Sunday, February 19, 2006

7 Epiphany B

Isaiah 43:18-25; Psalm 32:1-8; 2 Corinthians 1:18-22; Mark 2:1-12

The number one excuse I’ve heard from people who really didn’t want me to ask them to be youth group volunteers is “I just can’t think up all those games.” And with names like “Gargoyles,” “Pandemonium,” “Sardines,” and “Poop Deck,” I can understand how the games might sound a little too intimidating, or at least a little too messy, to coordinate.

Well, I’m going to let you in on a youth ministry secret, armed with which, like it or not, you will all be qualified to be youth ministers. Here it is: all games are no more than variations on tag. That’s all you need to know. So, you’re it – who’s leading youth group tonight?

It’s really true – it’s all tag, perhaps with elements of catch or a scavenger hunt mixed in. “Gargoyles” is the local favorite, and it’s a perfect example. In this game, teams search for pieces of disassembled flashlights that have been hidden throughout the darkened buildings. Their goal is to reassemble a flashlight and then use it to defeat the gargoyle or two (usually the youth leaders) who has been trying to keep them from finding the pieces. If a gargoyle tags you, you are frozen – paralyzed – until another member of your team unfreezes you. The first team to reassemble a flashlight and shine it on a gargoyle wins the game. See? Mostly tag, a little scavenger hunt, and maybe some catch when you’re cornered by a gargoyle and you toss your flashlight pieces to a team member….

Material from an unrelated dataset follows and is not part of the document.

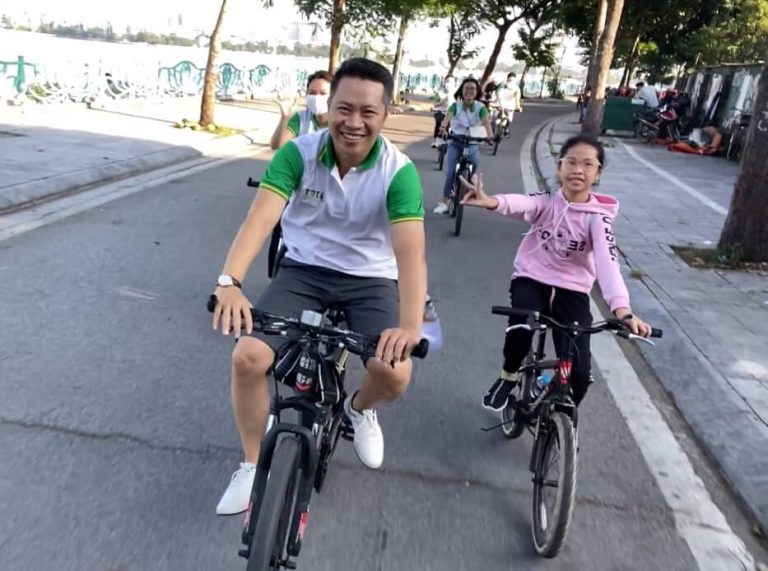Anh Nhâm Quang Đoài cùng con gái cùng tham gia hoạt động tập thể với mọi người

Back when I was in junior high, my youth minister discovered New Games. That’s what the book was actually called – New Games, and there was something different about them. There was no tag, no catch, no scavenger hunt, no teams – most of the time, these games were about the whole group trying to do something or get somewhere. New Games were about problem-solving, trust, collaboration, and the great stories that set them up. They were a little intimidating and a little messy, but a lot fun. “Magic Shoes” is a perfect example. Here is the story: Your group is trying to reach a wise man on the far bank of a river of boiling green slime. The wise man has given you a pair of magic shoes that can adjust to anyone’s foot size and allow you to walk across the river safely. But, each person in your group can wear the shoes only once to cross, and the river is too wide to throw the shoes back to the other side. How will you get everyone across?

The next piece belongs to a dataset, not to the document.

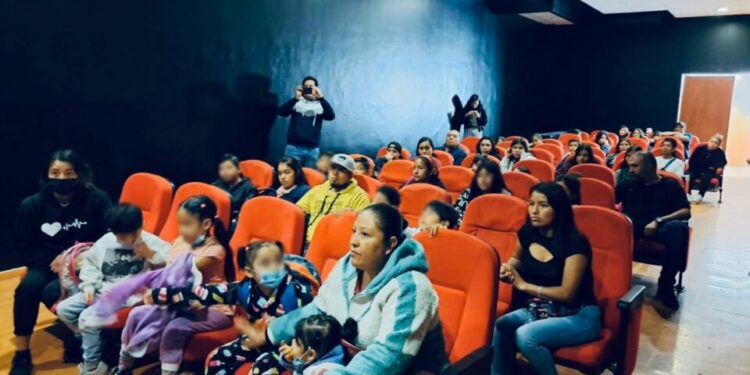 Cine llega a comunidades indígenas para niños y familias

If a group was really good at these games, the youth leader would change the story up a little to make it more challenging. For example, perhaps only one person in the group would be allowed to speak. Or you might have to pretend that three people in your group are blind (so they have to keep their eyes closed), that two have broken arms (so they can’t use them), or that two are paralyzed….Now how will you get everyone across?

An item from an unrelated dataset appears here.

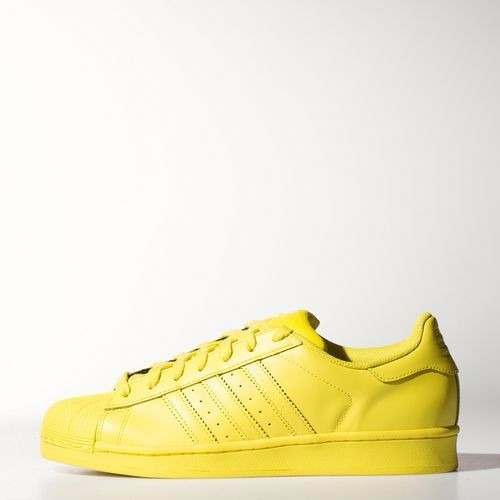 tenis adidas color amarillo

What about this story. Your team is trying to get to a Healer deep inside a house packed with people. The door is blocked, and so are the windows. All you have is a mat and a rope, and one of your team members is paralyzed. How will you get to the Healer?

At this point in Mark’s gospel, Jesus is no longer a new thing. Lots of people had heard about what he was doing and saying, what excitement he was stirring, and so they came from all over to see him whether he was on a hillside, on a city street, or even, this day, in his own house. The crowds that spilled out of his doors and windows surely expected something dramatic – some great healing or miracle or teaching.

But Mark says Jesus was simply speaking the word to them, and I wonder if they weren’t beginning to yawn when they noticed a little dust drifted down from the ceiling into Jesus’ hair. Suddenly, chunks of mud and plaster and straw were falling all around him, and he stepped back just in time for a ceiling timber to dislodge and as the dust cleared, there was a man on a mat looking nearly as surprised as the crowds that he was there.

The man was clearly paralyzed, and as if the drama of his arriving wasn’t enough, I imagine the crowd braced themselves for the dramatic healing they had come to see. Instead, Jesus said to the man, Son, your sins are forgiven. Well, this was a new game! To the crowd, it didn’t look like anything at all. To the scribes, it was blasphemy.

According to the law, there was a specific system of repentance and sacrifice that had to be made before one could merit forgiveness, which, in the end, only God could grant. Who can forgive sins but God, the scribes wondered (which was, of course, Jesus’ point exactly). In their eyes, Jesus had just ignored that whole system and had himself granted forgiveness before demanding repentance, as though forgiveness were a gift instead of a reward. This was a new game.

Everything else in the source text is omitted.